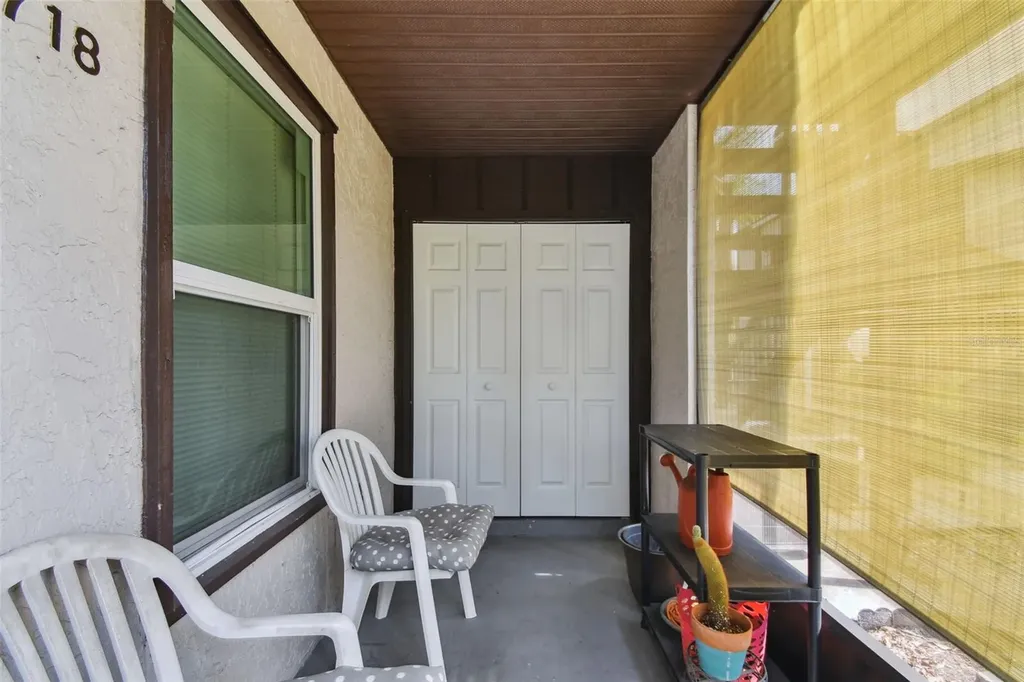 3718 59th Ave W Bradenton FL 34210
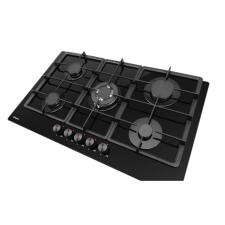 Поверхность газовая HANSA BHKS831380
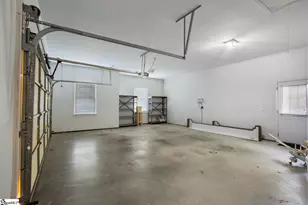 124 Bradley Park, Anderson, SC 29621 - Photo 27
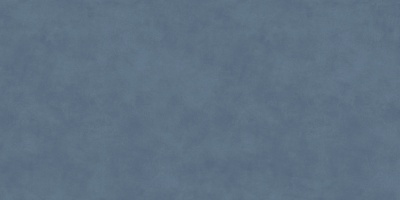 Про Чементо синий матовый обрезной 60x119,5x0,9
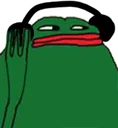HmmJAM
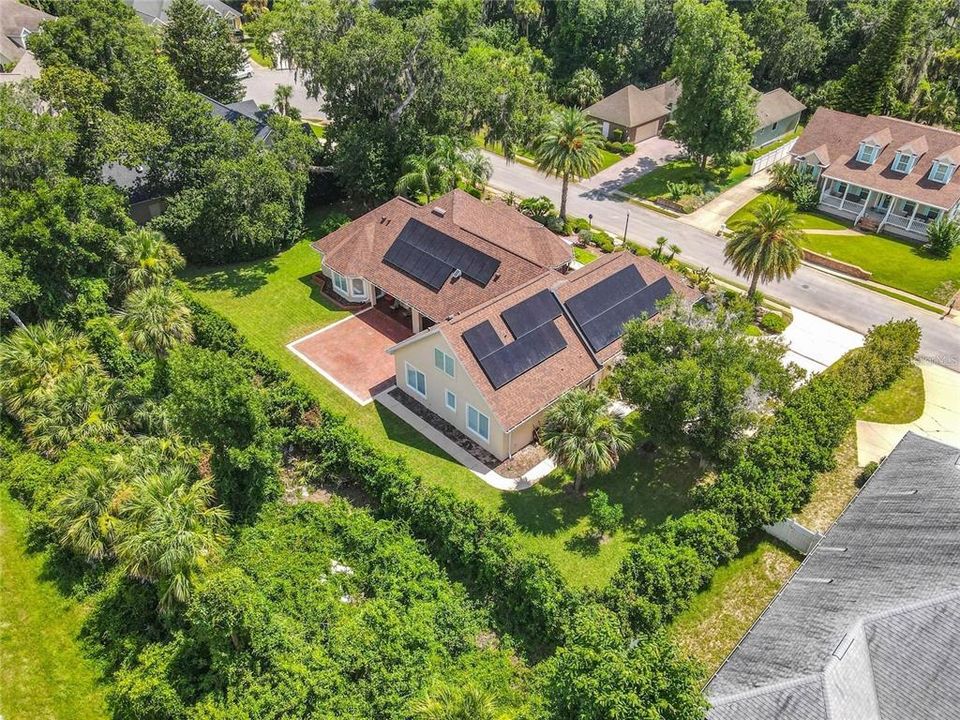 Под контрактом: $674,900 (4 спален, 4 ванн, 3824 Квадратных фут)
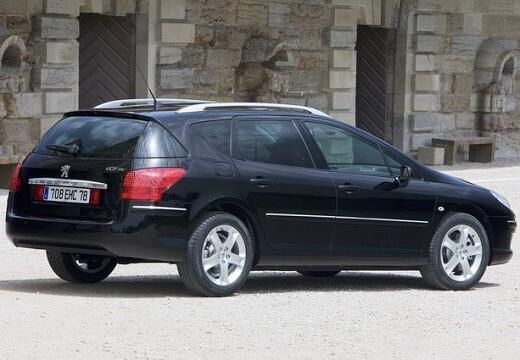 PEUGEOT-407-SW-125--2008-2010-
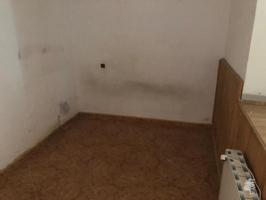 Casa - Chalet en venta en Peñarroya-Pueblonuevo de 67 m2 photo 0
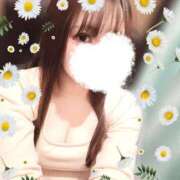 ヒメ日記 2025/01/22 19:01 投稿 はるか ごほうびSPA福岡店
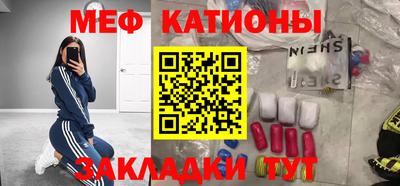 дживик Жуковский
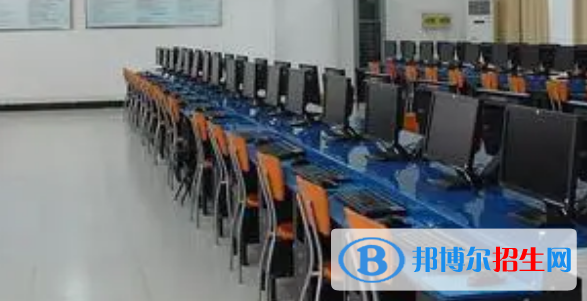 重慶2023中專學校是什么
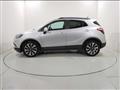 OPEL MOKKA X 1.4 Turbo GPL Tech 140CV 4x2 Innovation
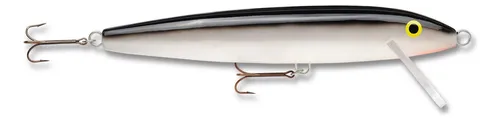 comprar Giant Lure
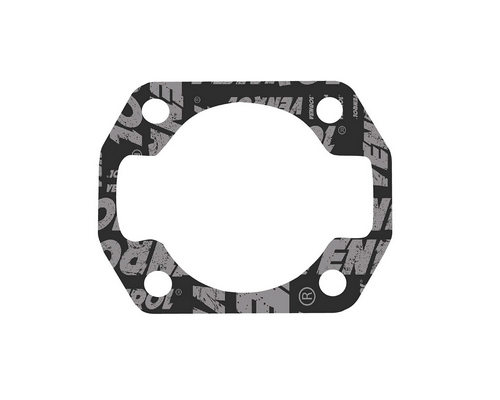 JUNTA DE CILINDRO PARA MOTOR WACKER WM 80 X 5 UN.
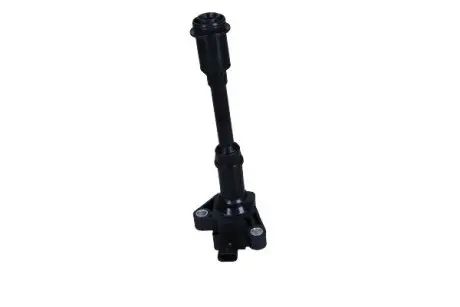 MG9054 CEWKA ZAPЭONOWA FORD C-MAX 1,6 ECOBOOST 10- MAXGEAR підбір по vin на Brocar
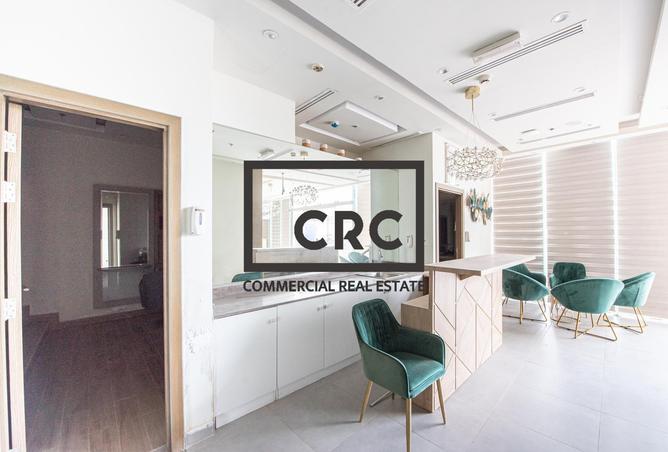 145076852 - Property Image 3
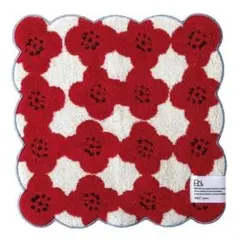 Item thumbnail for item a0f0d621-0c9c-49da-8d7a-73f9478042e9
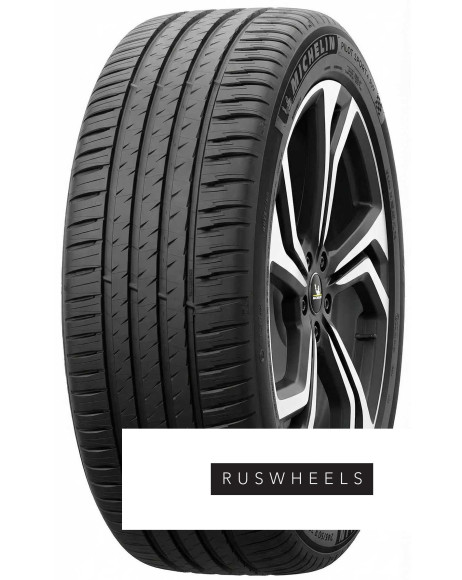 Шины Michelin 285/45 r21 Pilot Sport 4 SUV 113Y Шины Michelin 285/45 r21 Pilot Sport 4 SUV 113Y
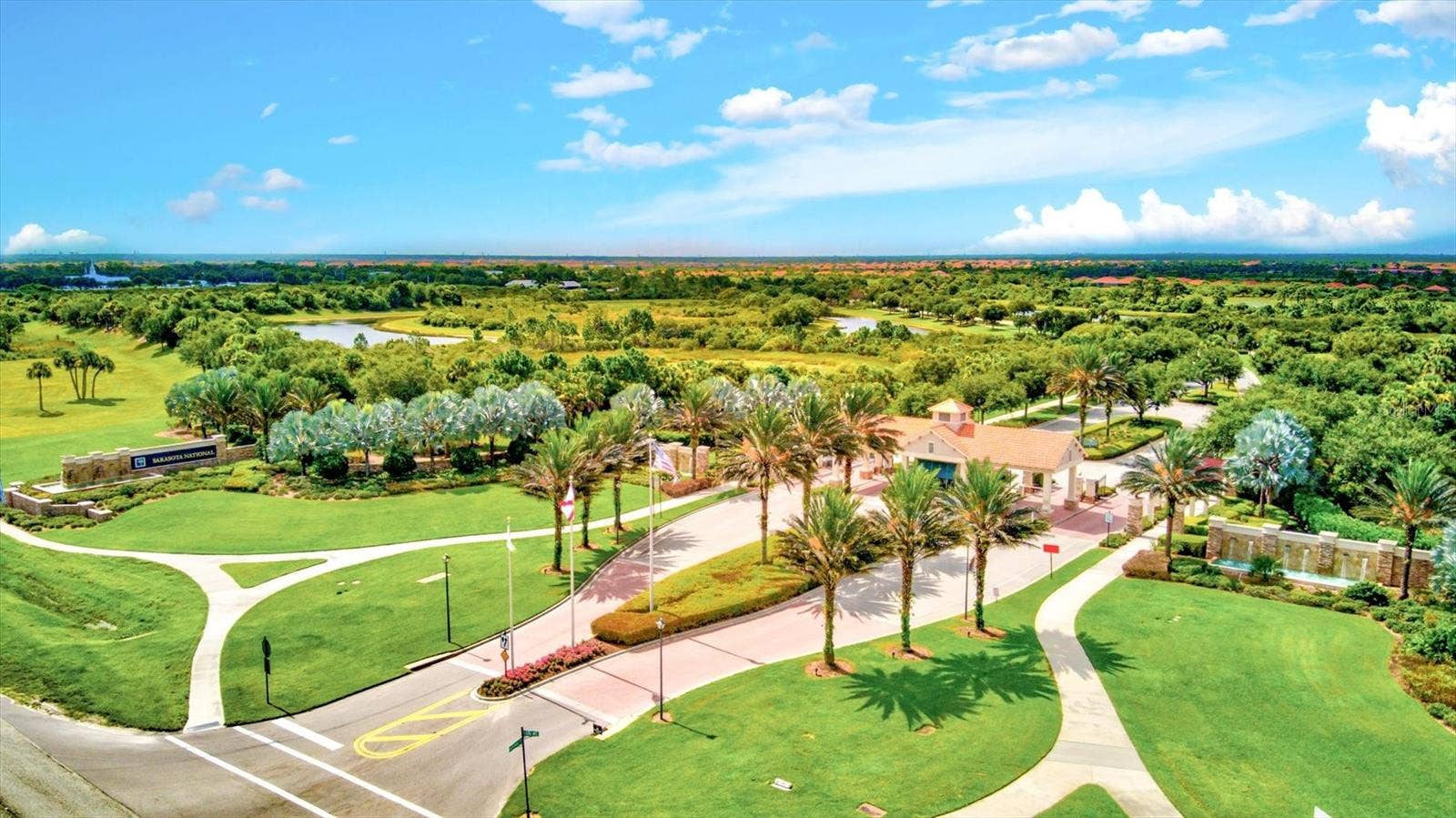 10808 TARFLOWER DRIVE, #102, Venice, FL 34293 10808 TARFLOWER DRIVE, #102, Venice, FL 34293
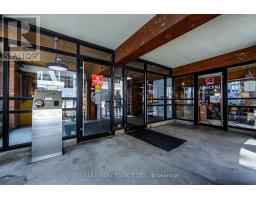208 - 401 Richmond Street W, Toronto, ON M5V3A8 Photo 27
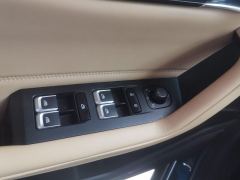 Geely Haoyue L 2.0T Flagship Edition - ფოტო 13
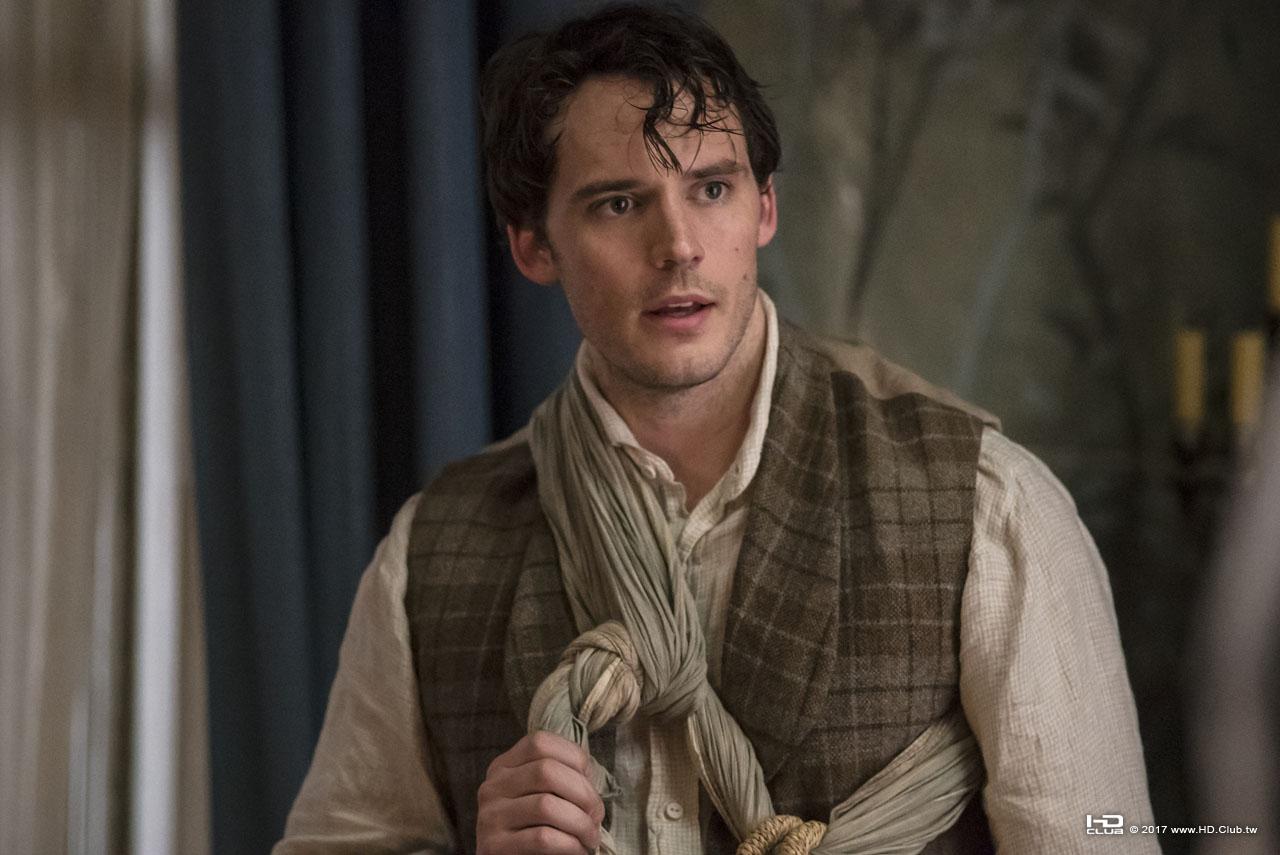 mycousinrachel0002.jpg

• _What to produce_:
Leave out the pictures and return, exactly as written, only the lines from the line with "10808 TARFLOWER DRIVE, #102, Venice, FL 34293 10808" through the end of the records above.

• _Result of this exercise_:
 10808 TARFLOWER DRIVE, #102, Venice, FL 34293 10808 TARFLOWER DRIVE, #102, Venice, FL 34293
208 - 401 Richmond Street W, Toronto, ON M5V3A8 Photo 27
 Geely Haoyue L 2.0T Flagship Edition - ფოტო 13
 mycousinrachel0002.jpg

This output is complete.